- TASK PROMPT: In the listing below, count the lines containing the string "useful" and state only the number.

- DATA TO PROCESS:
>>>>>

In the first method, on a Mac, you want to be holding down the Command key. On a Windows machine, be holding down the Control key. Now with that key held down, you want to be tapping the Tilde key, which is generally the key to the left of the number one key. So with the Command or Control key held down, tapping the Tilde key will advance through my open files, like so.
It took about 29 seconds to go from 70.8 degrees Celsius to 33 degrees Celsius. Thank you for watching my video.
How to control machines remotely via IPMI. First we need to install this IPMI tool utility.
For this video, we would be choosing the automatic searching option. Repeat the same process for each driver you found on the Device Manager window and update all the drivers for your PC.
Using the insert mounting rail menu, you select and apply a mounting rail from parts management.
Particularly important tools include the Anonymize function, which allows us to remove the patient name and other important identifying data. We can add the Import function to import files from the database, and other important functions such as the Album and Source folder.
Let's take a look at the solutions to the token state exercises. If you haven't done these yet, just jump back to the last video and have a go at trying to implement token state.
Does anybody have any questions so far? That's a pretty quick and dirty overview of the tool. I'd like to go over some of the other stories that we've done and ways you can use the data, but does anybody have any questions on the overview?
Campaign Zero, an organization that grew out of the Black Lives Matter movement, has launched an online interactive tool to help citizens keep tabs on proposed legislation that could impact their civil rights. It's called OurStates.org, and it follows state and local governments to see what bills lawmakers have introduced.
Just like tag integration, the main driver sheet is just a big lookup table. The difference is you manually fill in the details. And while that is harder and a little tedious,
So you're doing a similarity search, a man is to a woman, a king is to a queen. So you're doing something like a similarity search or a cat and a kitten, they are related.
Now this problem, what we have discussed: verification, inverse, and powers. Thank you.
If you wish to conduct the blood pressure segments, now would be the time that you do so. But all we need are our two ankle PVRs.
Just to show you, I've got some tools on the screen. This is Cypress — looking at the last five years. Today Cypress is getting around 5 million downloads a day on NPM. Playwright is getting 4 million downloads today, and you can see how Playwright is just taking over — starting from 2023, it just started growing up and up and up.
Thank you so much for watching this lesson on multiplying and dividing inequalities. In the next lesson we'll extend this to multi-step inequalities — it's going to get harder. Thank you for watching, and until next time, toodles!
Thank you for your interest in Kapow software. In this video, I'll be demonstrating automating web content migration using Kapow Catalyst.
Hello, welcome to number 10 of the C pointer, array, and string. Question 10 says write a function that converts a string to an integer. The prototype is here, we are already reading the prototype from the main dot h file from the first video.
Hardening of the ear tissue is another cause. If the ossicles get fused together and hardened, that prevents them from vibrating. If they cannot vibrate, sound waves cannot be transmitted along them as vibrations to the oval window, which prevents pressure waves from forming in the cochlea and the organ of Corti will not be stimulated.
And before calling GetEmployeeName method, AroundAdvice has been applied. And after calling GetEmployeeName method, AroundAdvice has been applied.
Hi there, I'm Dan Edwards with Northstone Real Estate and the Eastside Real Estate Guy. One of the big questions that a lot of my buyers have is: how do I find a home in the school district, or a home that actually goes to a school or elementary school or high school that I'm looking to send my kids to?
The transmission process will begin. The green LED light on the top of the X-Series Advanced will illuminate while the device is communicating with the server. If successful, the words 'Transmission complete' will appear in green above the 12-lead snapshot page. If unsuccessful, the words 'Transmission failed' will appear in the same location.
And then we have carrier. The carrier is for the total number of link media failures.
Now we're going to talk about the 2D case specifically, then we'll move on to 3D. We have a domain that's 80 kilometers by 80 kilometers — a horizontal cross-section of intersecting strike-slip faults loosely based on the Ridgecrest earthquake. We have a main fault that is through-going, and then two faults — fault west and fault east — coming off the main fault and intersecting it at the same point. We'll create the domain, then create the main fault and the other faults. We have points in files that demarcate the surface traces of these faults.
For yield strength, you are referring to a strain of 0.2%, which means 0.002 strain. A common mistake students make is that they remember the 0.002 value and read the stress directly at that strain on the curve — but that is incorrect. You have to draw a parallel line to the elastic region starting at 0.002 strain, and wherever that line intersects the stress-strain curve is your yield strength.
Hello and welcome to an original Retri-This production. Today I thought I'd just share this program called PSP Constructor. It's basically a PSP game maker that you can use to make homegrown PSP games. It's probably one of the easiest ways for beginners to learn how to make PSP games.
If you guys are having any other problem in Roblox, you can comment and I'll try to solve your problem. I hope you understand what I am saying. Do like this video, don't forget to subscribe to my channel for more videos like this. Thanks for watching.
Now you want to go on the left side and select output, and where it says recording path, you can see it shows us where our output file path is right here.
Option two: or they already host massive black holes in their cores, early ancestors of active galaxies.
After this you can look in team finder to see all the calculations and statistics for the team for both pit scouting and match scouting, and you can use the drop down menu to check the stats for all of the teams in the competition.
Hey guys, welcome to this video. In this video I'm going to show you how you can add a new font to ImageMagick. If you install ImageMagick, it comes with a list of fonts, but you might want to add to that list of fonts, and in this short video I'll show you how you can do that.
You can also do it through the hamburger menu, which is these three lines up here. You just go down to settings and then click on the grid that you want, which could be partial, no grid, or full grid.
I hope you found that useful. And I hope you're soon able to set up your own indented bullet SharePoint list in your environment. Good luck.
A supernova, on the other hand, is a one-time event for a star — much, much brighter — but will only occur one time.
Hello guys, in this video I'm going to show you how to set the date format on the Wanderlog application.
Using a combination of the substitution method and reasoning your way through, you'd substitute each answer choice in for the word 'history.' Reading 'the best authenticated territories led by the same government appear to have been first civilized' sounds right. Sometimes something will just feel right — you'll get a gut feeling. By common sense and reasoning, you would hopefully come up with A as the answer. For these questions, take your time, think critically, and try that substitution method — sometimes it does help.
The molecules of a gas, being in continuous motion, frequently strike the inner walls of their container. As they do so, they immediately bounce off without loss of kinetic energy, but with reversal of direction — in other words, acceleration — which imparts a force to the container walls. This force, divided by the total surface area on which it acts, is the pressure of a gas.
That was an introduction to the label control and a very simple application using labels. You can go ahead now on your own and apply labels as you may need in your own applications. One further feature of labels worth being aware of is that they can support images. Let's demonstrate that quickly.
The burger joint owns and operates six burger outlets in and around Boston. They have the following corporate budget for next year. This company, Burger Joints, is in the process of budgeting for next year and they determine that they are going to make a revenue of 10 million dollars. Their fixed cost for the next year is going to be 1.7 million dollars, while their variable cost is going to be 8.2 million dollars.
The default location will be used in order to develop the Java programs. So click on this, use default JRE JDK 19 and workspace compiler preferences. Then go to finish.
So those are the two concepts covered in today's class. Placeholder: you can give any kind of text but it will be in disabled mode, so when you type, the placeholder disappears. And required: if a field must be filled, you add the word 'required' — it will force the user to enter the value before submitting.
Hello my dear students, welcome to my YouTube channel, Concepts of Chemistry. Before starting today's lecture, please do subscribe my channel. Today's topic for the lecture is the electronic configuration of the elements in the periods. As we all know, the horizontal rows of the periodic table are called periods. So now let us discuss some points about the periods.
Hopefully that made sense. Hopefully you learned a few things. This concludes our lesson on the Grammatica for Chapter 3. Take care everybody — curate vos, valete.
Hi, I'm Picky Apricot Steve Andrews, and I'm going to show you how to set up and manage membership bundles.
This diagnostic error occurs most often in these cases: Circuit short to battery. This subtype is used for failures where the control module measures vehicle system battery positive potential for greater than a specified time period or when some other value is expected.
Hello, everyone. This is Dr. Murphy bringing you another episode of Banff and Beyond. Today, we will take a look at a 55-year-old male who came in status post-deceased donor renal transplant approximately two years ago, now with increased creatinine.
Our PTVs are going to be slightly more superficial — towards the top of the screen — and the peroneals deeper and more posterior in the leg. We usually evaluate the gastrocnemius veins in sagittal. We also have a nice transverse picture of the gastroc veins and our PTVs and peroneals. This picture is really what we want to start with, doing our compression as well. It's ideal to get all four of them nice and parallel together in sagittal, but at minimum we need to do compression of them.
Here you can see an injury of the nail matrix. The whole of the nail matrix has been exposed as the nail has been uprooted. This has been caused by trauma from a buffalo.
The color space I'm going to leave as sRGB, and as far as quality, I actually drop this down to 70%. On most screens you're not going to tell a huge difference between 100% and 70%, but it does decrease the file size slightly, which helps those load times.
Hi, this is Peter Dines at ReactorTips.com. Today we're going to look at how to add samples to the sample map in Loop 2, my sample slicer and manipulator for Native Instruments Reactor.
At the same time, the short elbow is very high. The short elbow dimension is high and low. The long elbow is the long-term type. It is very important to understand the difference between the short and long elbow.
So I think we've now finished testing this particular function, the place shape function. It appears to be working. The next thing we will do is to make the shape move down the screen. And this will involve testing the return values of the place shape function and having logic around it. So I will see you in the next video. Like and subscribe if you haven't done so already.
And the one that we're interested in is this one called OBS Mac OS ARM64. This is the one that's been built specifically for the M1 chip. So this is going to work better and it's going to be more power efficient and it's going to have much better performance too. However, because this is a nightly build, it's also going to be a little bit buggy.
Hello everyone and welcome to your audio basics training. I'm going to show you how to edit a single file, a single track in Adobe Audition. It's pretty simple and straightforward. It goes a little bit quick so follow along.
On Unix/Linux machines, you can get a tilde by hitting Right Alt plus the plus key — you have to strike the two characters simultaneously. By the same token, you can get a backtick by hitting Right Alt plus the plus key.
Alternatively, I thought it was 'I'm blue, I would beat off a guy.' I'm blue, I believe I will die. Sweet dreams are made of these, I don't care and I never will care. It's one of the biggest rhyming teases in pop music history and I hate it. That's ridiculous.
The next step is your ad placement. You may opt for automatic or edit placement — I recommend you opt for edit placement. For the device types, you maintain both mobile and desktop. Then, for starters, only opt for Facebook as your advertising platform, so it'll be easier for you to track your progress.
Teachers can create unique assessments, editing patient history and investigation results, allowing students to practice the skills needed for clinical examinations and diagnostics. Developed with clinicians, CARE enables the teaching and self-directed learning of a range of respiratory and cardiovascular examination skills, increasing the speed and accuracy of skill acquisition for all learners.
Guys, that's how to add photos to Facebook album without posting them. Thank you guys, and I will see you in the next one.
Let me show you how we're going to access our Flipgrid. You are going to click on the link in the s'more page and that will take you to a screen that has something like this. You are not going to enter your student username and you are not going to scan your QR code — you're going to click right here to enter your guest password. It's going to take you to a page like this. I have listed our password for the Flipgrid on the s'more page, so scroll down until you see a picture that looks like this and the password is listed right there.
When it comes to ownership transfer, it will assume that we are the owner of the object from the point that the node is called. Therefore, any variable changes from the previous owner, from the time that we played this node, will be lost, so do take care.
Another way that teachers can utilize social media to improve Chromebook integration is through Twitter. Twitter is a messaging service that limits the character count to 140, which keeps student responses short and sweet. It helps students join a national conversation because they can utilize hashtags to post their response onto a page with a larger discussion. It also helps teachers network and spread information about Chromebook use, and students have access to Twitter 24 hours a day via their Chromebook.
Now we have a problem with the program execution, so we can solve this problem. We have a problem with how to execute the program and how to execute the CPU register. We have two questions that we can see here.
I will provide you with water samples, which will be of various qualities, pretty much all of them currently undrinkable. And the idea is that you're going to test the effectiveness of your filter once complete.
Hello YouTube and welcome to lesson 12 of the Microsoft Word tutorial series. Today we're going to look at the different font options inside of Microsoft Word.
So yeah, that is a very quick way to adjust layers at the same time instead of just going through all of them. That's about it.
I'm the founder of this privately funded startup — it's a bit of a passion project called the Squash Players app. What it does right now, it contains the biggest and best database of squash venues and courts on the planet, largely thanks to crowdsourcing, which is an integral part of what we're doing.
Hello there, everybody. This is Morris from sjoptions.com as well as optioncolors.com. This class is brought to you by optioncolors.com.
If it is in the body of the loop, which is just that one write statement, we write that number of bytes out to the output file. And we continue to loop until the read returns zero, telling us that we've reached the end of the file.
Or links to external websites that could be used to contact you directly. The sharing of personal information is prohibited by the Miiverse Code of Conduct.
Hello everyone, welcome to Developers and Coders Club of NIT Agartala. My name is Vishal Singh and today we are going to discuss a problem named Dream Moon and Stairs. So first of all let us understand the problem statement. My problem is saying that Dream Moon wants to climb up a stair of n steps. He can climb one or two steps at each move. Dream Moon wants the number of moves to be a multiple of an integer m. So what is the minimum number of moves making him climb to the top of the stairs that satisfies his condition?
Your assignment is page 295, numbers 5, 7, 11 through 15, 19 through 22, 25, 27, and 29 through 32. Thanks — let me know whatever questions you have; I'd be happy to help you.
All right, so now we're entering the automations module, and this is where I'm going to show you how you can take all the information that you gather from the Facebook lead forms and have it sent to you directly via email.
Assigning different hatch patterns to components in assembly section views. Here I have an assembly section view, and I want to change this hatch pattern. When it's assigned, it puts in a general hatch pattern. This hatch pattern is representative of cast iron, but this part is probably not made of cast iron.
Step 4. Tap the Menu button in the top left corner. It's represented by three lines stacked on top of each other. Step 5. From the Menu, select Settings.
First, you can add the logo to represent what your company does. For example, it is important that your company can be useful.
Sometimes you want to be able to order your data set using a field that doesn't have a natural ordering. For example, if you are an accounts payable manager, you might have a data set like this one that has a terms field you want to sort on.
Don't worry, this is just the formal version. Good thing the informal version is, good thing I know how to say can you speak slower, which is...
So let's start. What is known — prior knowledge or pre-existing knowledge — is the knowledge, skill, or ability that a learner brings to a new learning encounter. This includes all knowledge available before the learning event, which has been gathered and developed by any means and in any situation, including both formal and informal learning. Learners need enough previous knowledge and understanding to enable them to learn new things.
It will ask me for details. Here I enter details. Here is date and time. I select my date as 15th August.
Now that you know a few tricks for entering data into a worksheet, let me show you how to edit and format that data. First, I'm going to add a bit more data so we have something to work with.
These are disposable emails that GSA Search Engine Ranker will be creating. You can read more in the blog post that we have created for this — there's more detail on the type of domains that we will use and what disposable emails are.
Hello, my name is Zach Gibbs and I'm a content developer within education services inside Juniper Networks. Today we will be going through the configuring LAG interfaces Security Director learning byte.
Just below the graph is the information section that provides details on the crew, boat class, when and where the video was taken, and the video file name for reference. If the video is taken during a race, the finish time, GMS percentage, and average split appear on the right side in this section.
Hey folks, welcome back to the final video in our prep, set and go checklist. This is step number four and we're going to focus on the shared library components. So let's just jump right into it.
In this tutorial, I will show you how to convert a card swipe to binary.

<<<<<

- RESPONSE TO THE EXERCISE: 2